DATES: Any interested person may ask the Commission not to accept this
agreement or otherwise comment on its contents by filing a written
request with the Office of the Secretary by September 20, 2001.
ADDRESSES: Persons wishing to comment on this Settlement Agreement
should send written comments to the Comment 01-C0011, Office of the
Secretary, Consumer Product Safety Commission, Washington, DC 20207.
FOR FURTHER INFORMATION CONTACT: Howard N. Tarnoff, Trial Attorney,
Office of Compliance, Consumer Product Safety Commission, Washington,
DC 20207; telephone (301) 504-0626, 1382.
SUPPLEMENTARY INFORMATION: The text of the Agreement and Order appears
below.
Dated: August 29, 2001.
Todd A. Stevenson,
Acting Secretary.
Consent Agreement
This Consent Agreement is made by and between the staff of the
Consumer Product Safety Commission, and HMB Corporation (f/k/a Taylor
Electric Supply, Inc.) ``HMB''), a domestic corporation, to settle the
staff's allegations that HMB, doing business as Taylor Electric Supply,
distributed in commerce certain allegedly defective in-wall electric
heaters manufactured by Cadet Manufacturing Company (``Cadet''), a
domestic corporation, with its principal place of business located at
2500 West Fourth Plain Boulevard, Vancouver, Washington 98660.
Parties
1. The ``staff'' is the staff of the Consumer Product Safety
Commission (``the CPSC'' or ``the Commission''), an independent
regulatory agency of the United States of America, established by
Congress pursuant to section 4 of the Consumer Product Safety Act
(``CPSA''), 15 U.S.C. 2053, as amended.
2. Respondent HMB is a corporation organized and existing under the
laws of the State of Oregon.
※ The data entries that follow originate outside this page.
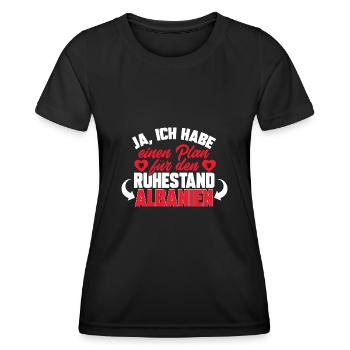 Albanische Flagge Albanischer Adler Shqiponja - Frauen Funktions-T-Shirt - Schwarz - Vorne - AI Model Female 172 light (172cm)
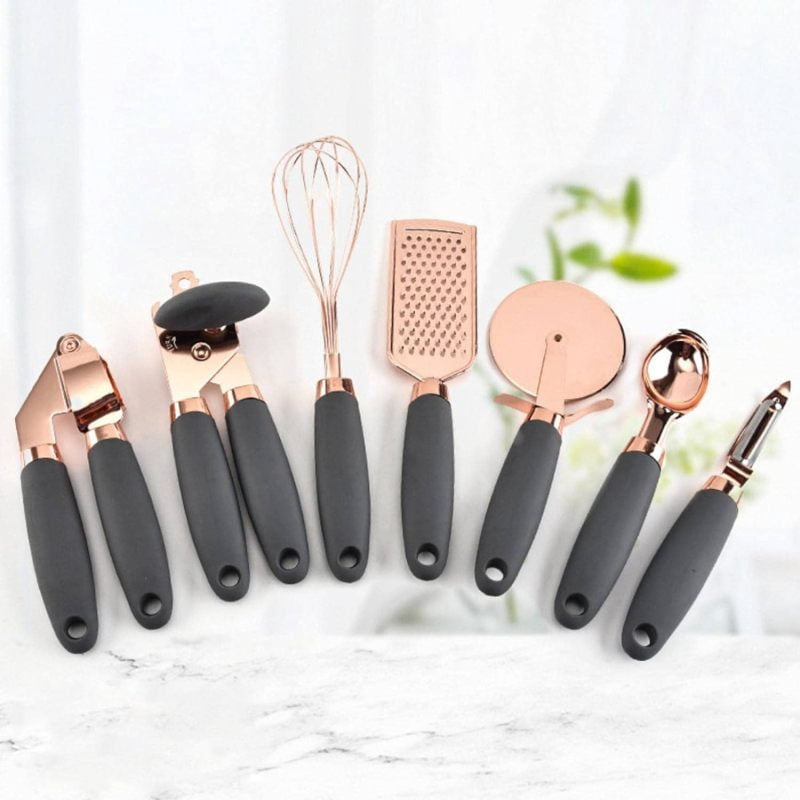 TFixol Home Decor 7 Pc Kitchen Gadget Set Copper Coated Stainless Steel Utensils Soft Touch Black Handles Kitchenware Set Kitchen Utensils(Pink) (Black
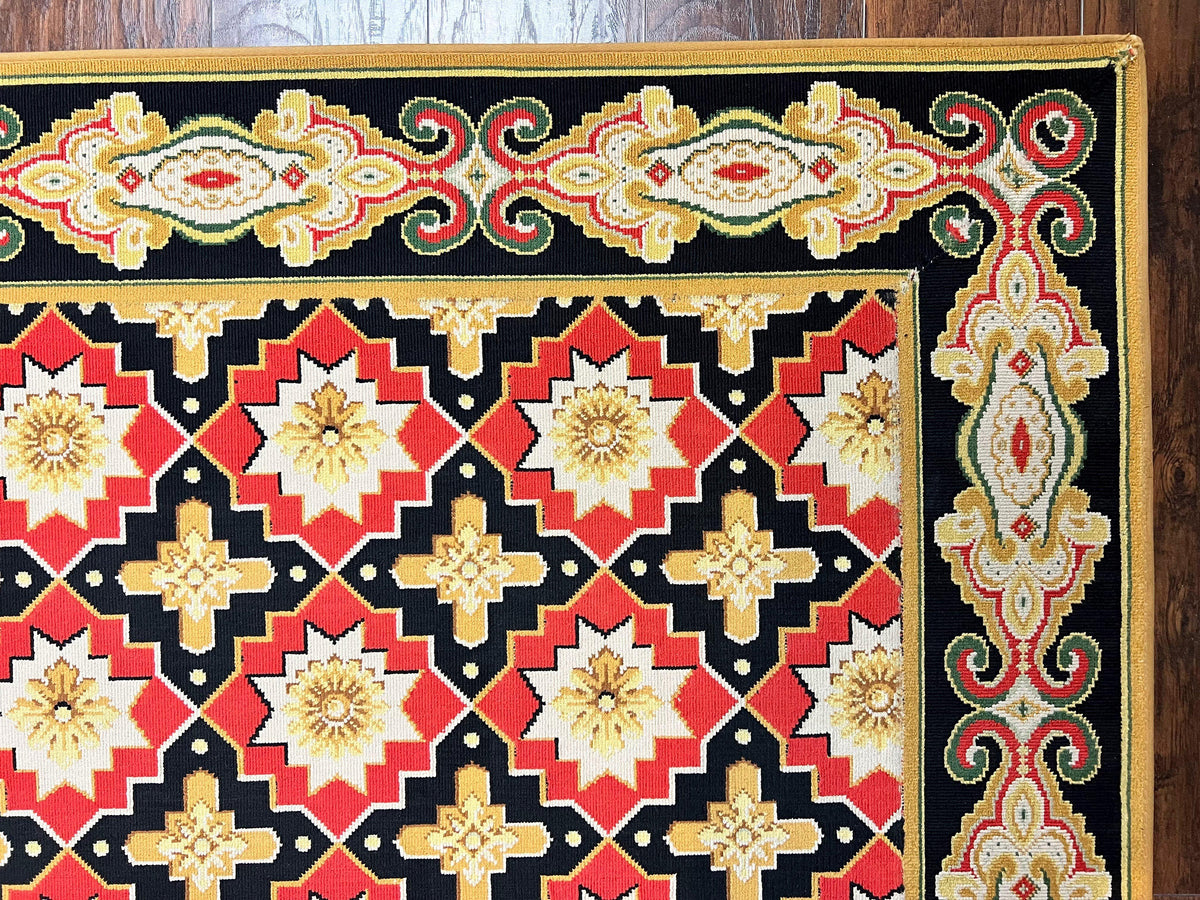 Runner Rug 4x19, Panel Design Rug, Custom Made Stark Runner Carpet, Wool, Vintage 4 x 19 Hallway Rug, European Design, Red Black Ivory Tan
HMB owns and maintains two commercial
buildings and the property on which they are located at 1709 S.E. 3rd
Ave., and 240 S.E. Clay Blvd., Portland, Oregon. HMB leases the
property to Rexel Taylor Corporation, which, through its subsidiary
Summers Group, Inc., purchased HMB's wholesale electrical distribution
business in 1997.
Subject Matter
3. Since approximately 1978, Cadet allegedly manufactured, sold
and/or distributed in commerce in-wall electric heaters for use in
homes and residences under the brand names ``Cadet'' and ``Encore.''
These include all models and variants within each model of the series
[[Page 46435]]
FW (including models FW-051, FW-101, FW-122, FW-202, and FW-751),
manufactured between 1978 and 1987; series FX (including models FX-051,
FX-052, FX-071, FX-072, FX-101, FX-102, FX-122, FX-151, FX-152, FX-202,
and FX-242), manufactured between 1985 and 1994; series LX (including
models LX-242, LX-302, LX-402, and LX-482), manufactured between 1985
and 1994; series TK (including models TK-051, TK-071, TK-072, TK-101,
TK-102, TK-151, and TK-152), manufactured between 1984 and 1998; series
ZA (including models ZA-051, ZA-052, ZA-071, ZA-072, ZA-101, ZA-102,
ZA-122, ZA-151, ZA-152, ZA-202, and ZA-242), manufactured between 1985
and 1994; series Z (including models Z-072, Z-101, Z-102, Z-151, Z-152,
Z-202, and Z-208), manufactured between 1993 and 1999; and all series
and models of the same or functionally identical heaters manufactured
and distributed by Cadet under the Encore brand name, including series
RX (including modes RX-072, RX-101, RX-102, RX-151, RX-152, RX-202, and
RX-242), manufactured between 1985 and 1994; series RLX (including
models RLX-302, RLX-402, and RLX-482) manufactured between 1985 and
1994; series RK (including models RK-101 and RK-102), manufactured
between 1984 and 1998; series RA (including models RA-101, RA-102, RA-
151, RA-152, and RA-202), manufactured between 1985 and 1994; series ZC
(including models ZC-072, ZC-101 ZC-102, ZC-151, ZC-152, ZC-202, and
ZC-208), manufactured between 1993 and 1999; and series RW,
manufactured between 1978 and 1981. For each of these heaters, the
variants signified by the suffix T (with thermostat), W (white color),
and TW (with thermostat and white color) found after the model number
are included. All the heaters and variants referred to in this
paragraph shall hereinafter be collectively referred to as ``the
Heaters.'' The Heaters were sold and/or distributed to consumers
principally in the States of California, Idaho, Montana, Oregon, and
Washington. Between approximately 1982 and 1997, Taylor Electric Supply
allegedly sold and/or distributed certain of the Heaters in commerce.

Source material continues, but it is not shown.